→ **Work required**
Restate the lines of the material below word for word, from the first through the one containing "Walmart Checkout Lady", and include nothing else; pictures stay out.

→ **Input records**
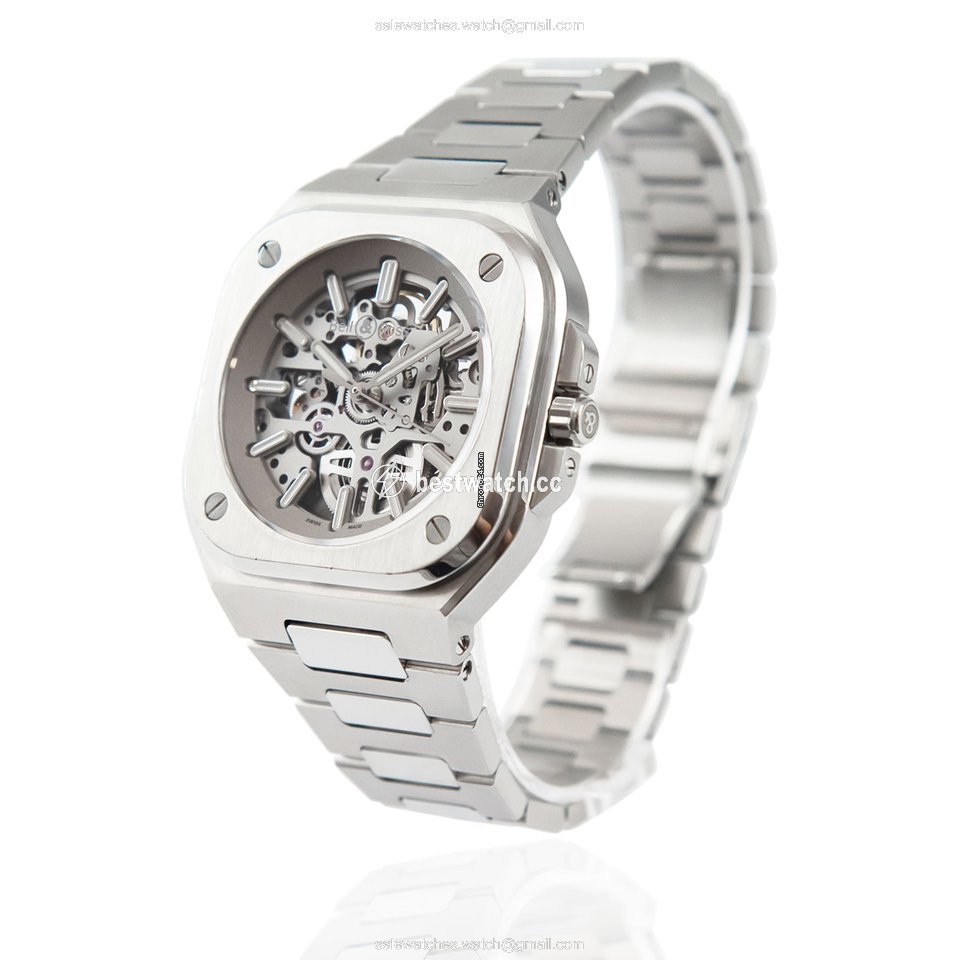 IMG_9086 Bell & Ross BR 05 Mens watch Unisex Automatic Steel BR05A-GR-SK-ST SST 3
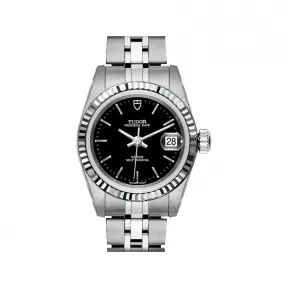 帝舵/Tudor 公主日历型腕表 - M92414-0006 22MM 自动机械机芯 磨砂钢表壳 女表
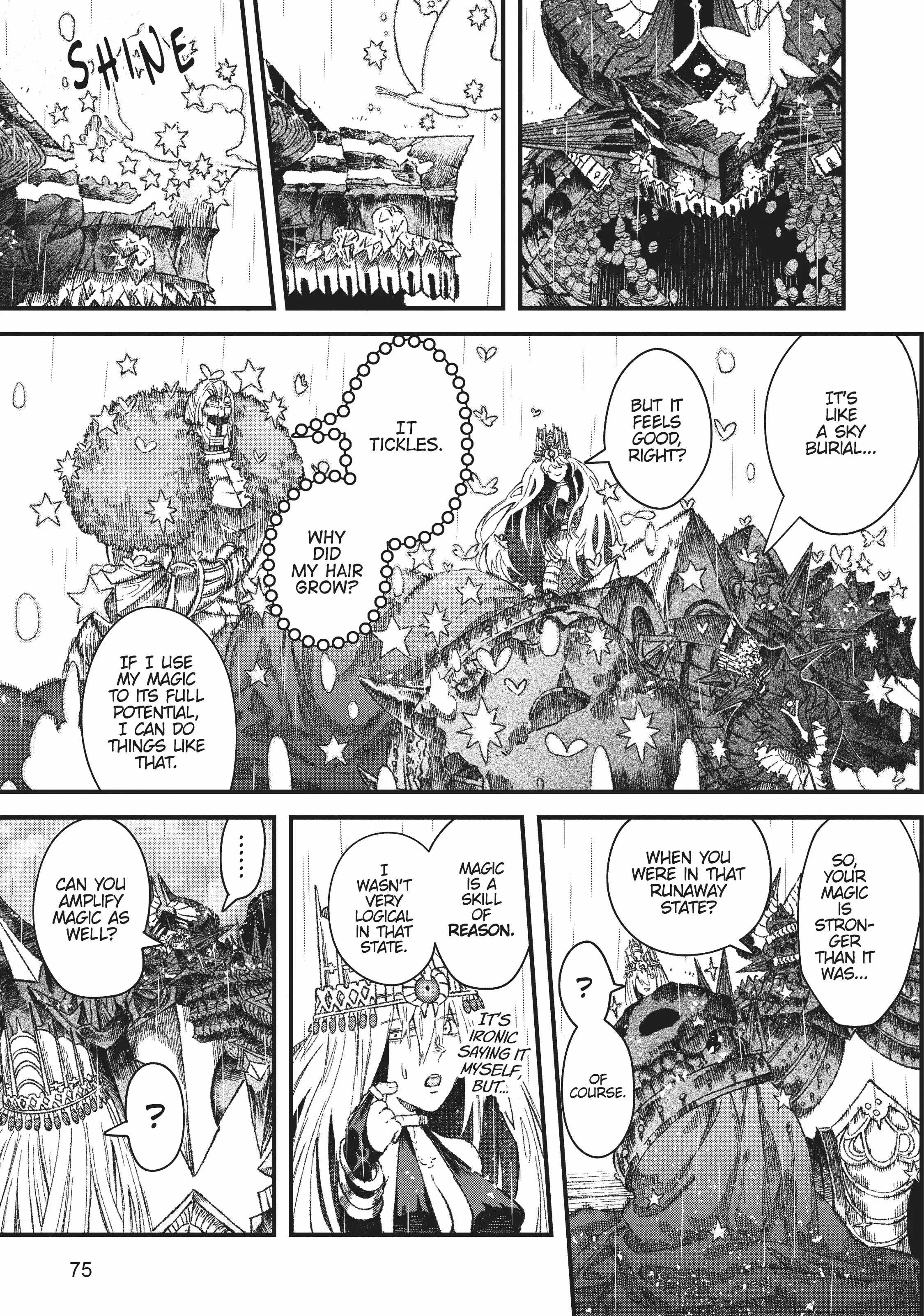 The Comeback Of The Demon King Who Formed A Demon's Guild After Being Vanquished By The Hero - chapter 40 - #3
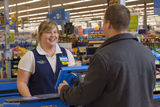 Walmart Checkout Lady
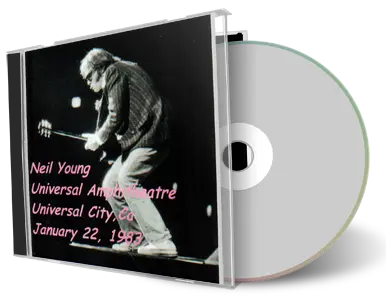 Artwork Cover of Neil Young 1983-01-22 CD Universal City Audience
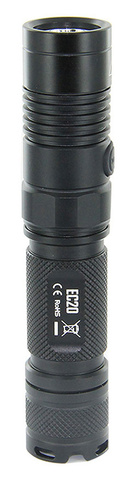 Фонарь ручной Nitecore EC20 черный лам.:светодиод. 18650x1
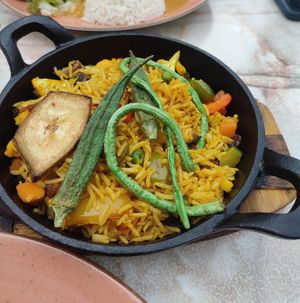 Sauce nicht im Bild 😸 at Namaste  in Krefeld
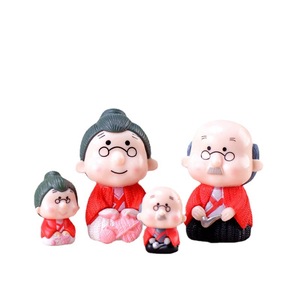 Más vendido: Joyería de micropaisaje de musgo Chunjun, combinación de muñecos grandes de abuelo y Zixiao, decoración de montaje DIY - Product Image 1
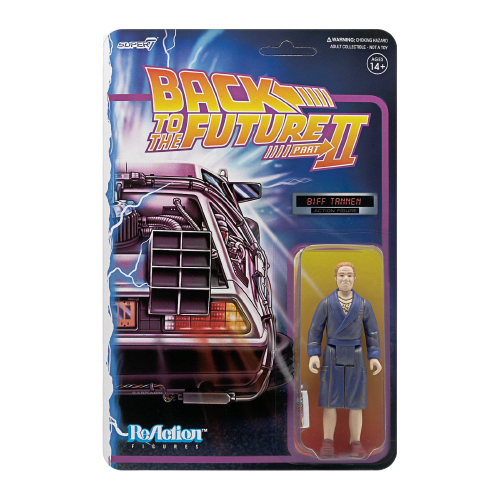 Back To The Future 2 Reaction Figure W1 - Biff Tannen Bathrobe - Back to the Future - Merchandise - SUPER 7 - 0840049807990 - September 9, 2020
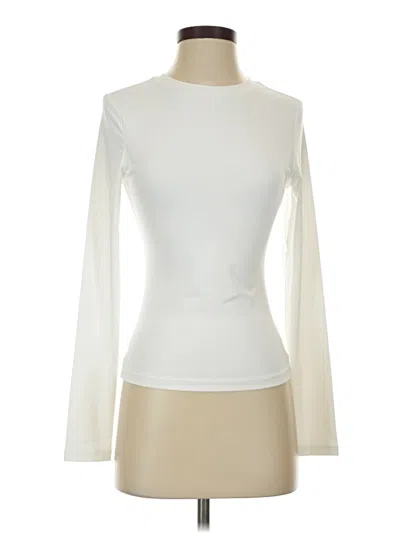 Pre-owned Automet Long Sleeve T-shirt In Ivory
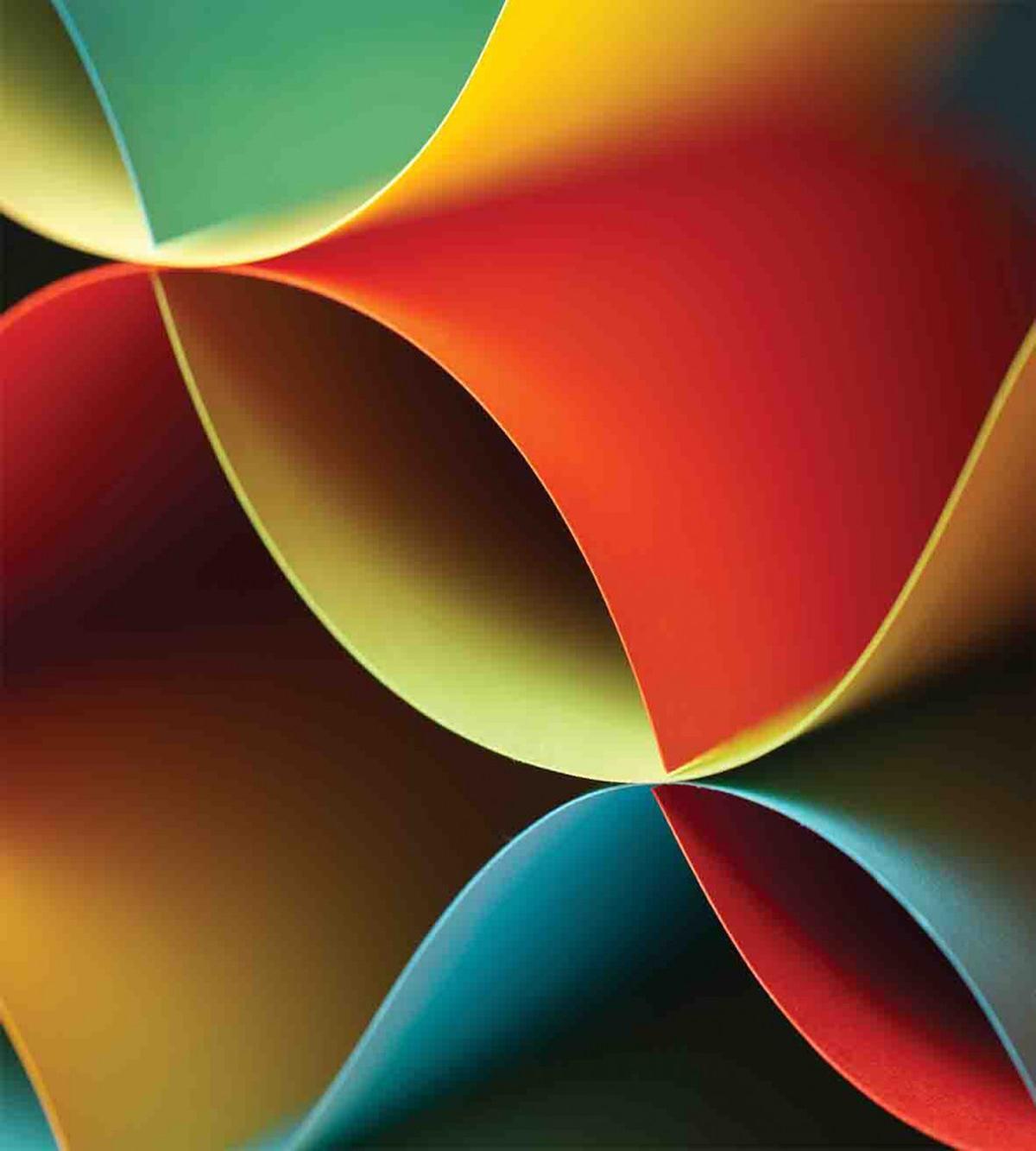 Graphic Colored — Pattern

→ **Exercise solution**
 IMG_9086 Bell & Ross BR 05 Mens watch Unisex Automatic Steel BR05A-GR-SK-ST SST 3
 帝舵/Tudor 公主日历型腕表 - M92414-0006 22MM 自动机械机芯 磨砂钢表壳 女表
 The Comeback Of The Demon King Who Formed A Demon's Guild After Being Vanquished By The Hero - chapter 40 - #3
 Walmart Checkout Lady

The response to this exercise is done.